▶ [WHAT THE EXERCISE ASKS]
Please reproduce the lines of the records below from the one holding "Therapist applying focused" through the one holding "a spoon full", inclusive, skipping all pictures.

───── EXTRACTED RECORDS ─────

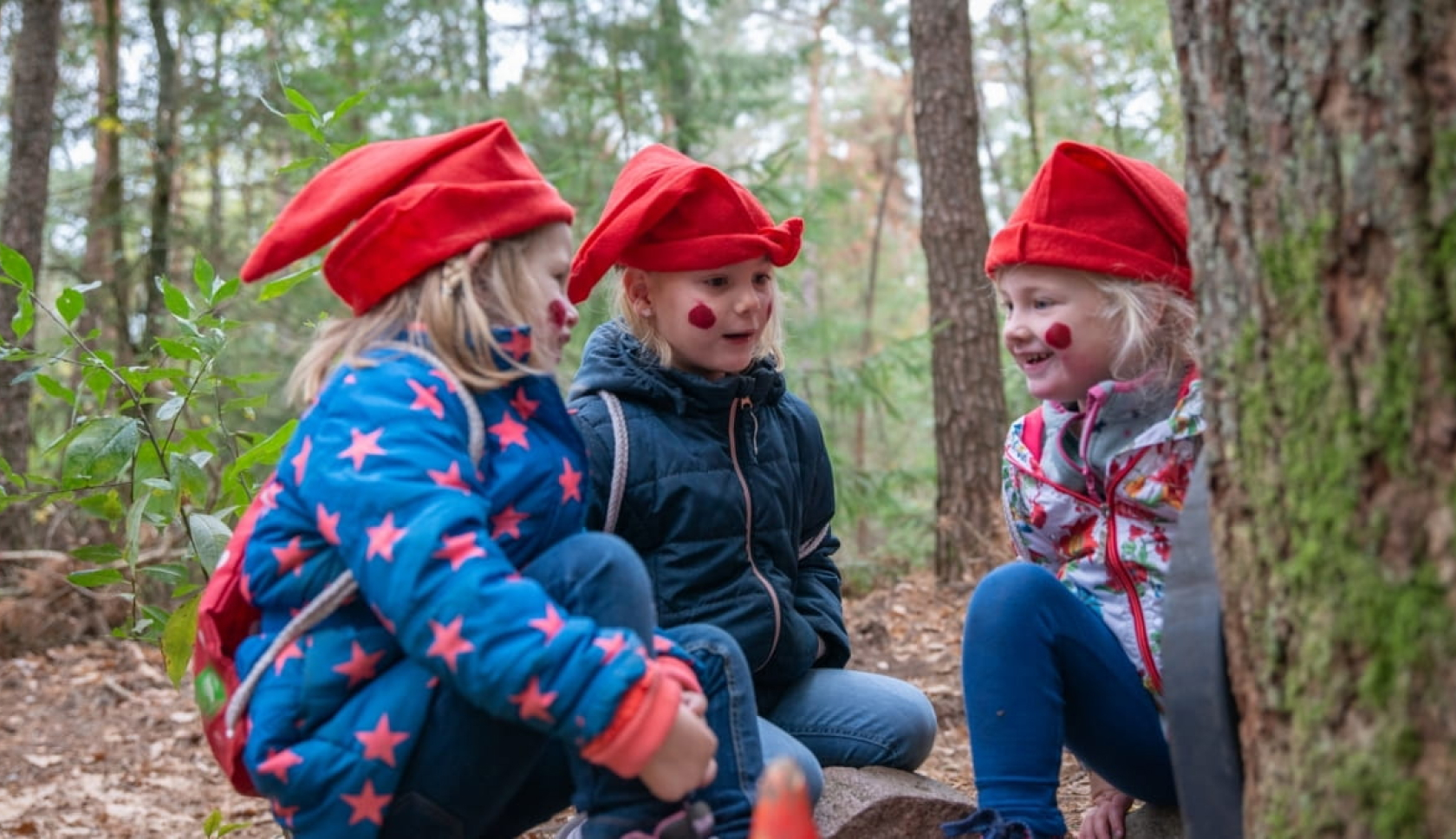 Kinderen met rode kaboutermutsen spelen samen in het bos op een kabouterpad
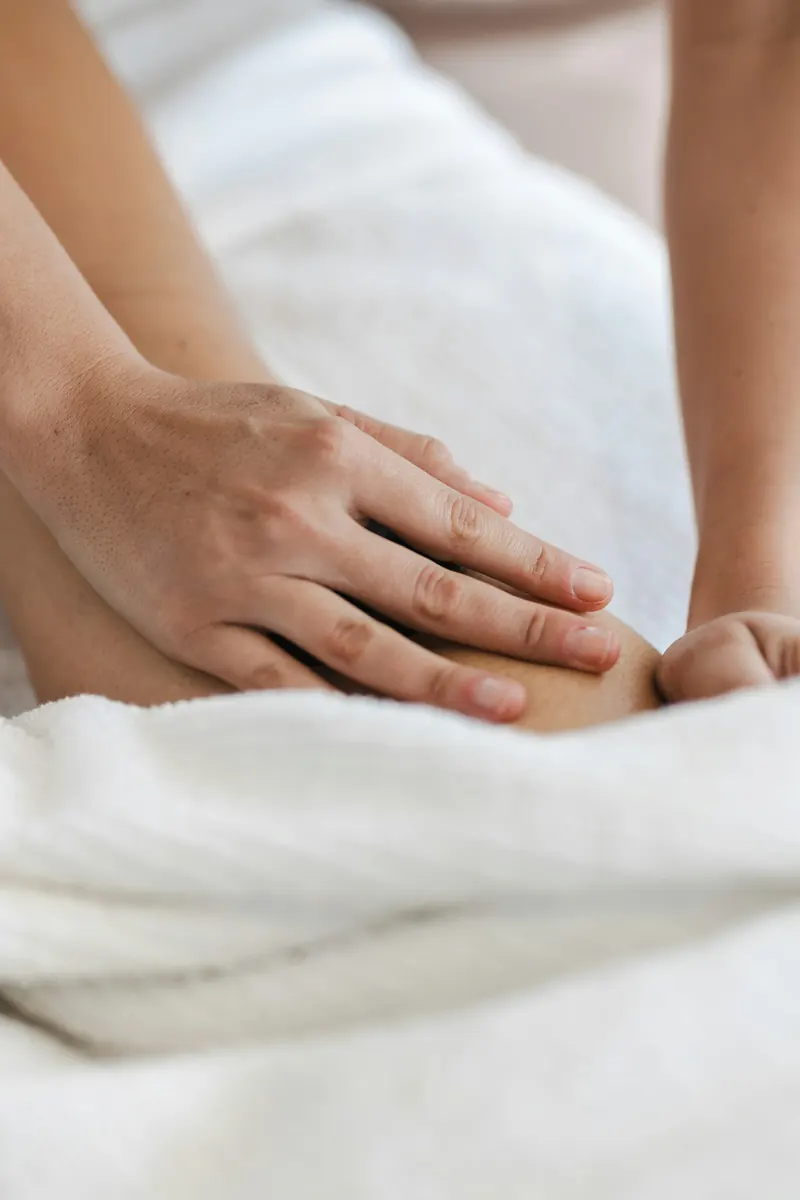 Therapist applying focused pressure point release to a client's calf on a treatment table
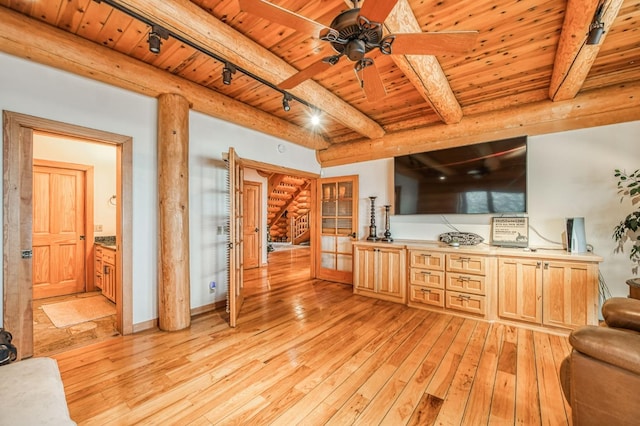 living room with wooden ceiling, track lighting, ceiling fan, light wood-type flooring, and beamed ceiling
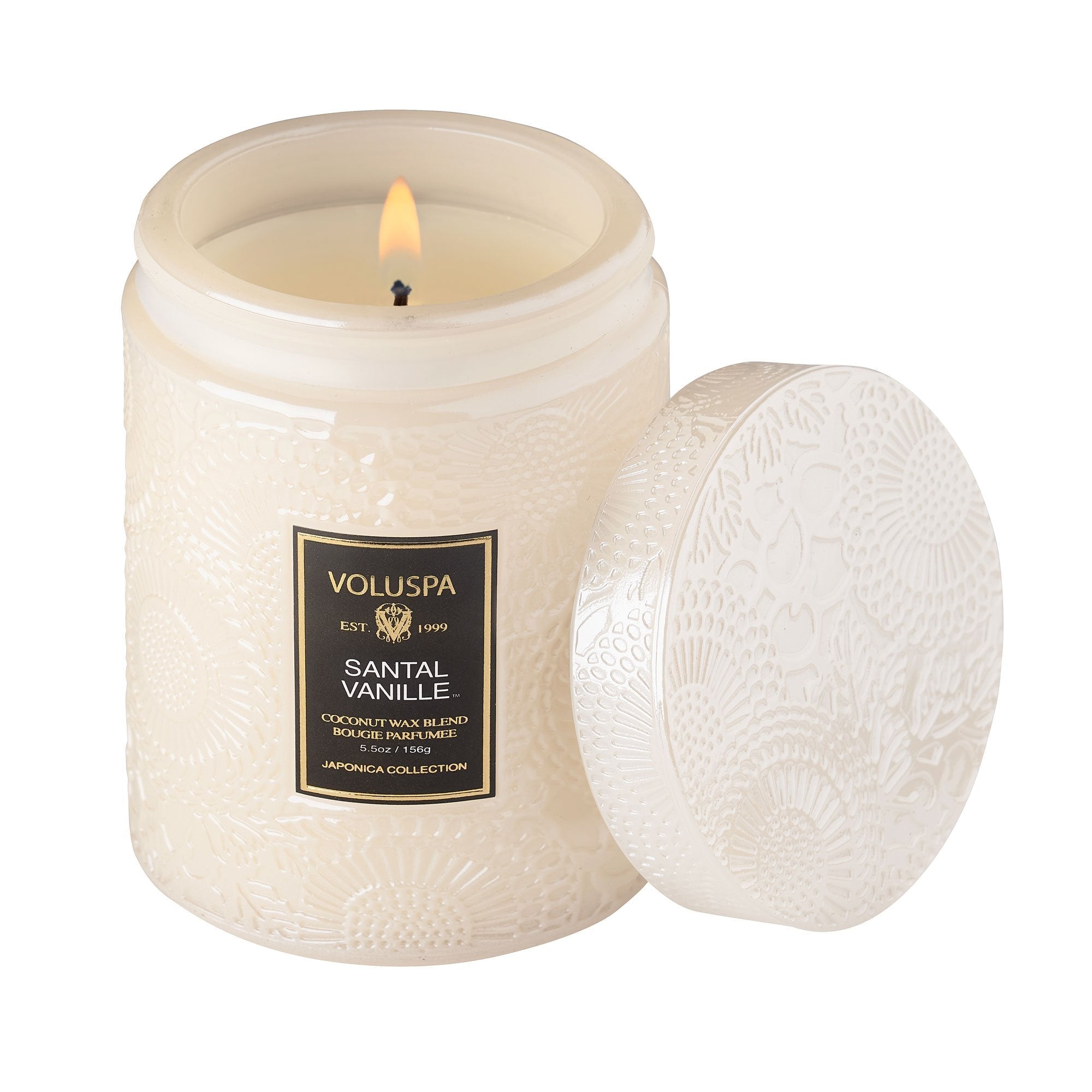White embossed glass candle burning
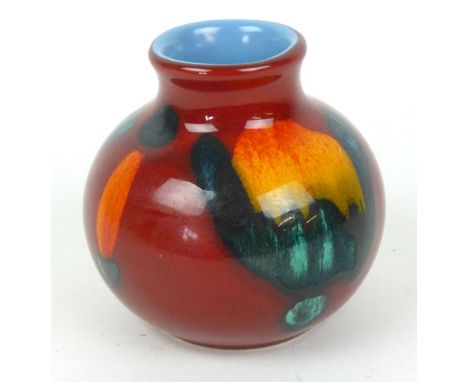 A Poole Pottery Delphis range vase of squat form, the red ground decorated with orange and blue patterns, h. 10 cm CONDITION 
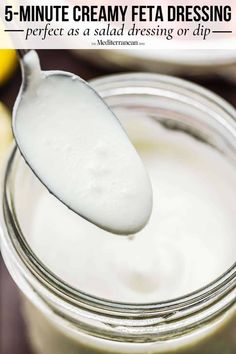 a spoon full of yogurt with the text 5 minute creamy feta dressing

─────
───── EXTRACTED RECORDS ─────

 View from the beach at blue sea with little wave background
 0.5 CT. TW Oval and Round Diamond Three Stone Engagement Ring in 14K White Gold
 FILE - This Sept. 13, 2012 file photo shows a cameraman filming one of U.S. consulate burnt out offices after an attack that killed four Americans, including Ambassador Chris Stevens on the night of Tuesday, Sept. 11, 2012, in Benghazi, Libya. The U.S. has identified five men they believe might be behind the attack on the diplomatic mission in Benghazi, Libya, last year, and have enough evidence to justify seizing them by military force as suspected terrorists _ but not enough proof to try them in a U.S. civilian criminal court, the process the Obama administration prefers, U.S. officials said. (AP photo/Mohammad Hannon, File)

─────
───── EXTRACTED RECORDS ─────

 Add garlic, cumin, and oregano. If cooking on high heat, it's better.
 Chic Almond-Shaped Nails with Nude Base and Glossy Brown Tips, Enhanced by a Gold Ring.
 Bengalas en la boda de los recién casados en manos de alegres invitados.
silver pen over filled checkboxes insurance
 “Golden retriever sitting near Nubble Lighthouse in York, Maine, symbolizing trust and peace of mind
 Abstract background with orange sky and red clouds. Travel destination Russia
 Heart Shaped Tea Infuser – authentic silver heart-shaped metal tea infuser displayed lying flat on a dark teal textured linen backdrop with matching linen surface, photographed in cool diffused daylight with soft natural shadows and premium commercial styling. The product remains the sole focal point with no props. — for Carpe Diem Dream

─────

▶ [EXERCISE RESULT]
 Therapist applying focused pressure point release to a client's calf on a treatment table
 living room with wooden ceiling, track lighting, ceiling fan, light wood-type flooring, and beamed ceiling
White embossed glass candle burning
 A Poole Pottery Delphis range vase of squat form, the red ground decorated with orange and blue patterns, h. 10 cm CONDITION 
 a spoon full of yogurt with the text 5 minute creamy feta dressing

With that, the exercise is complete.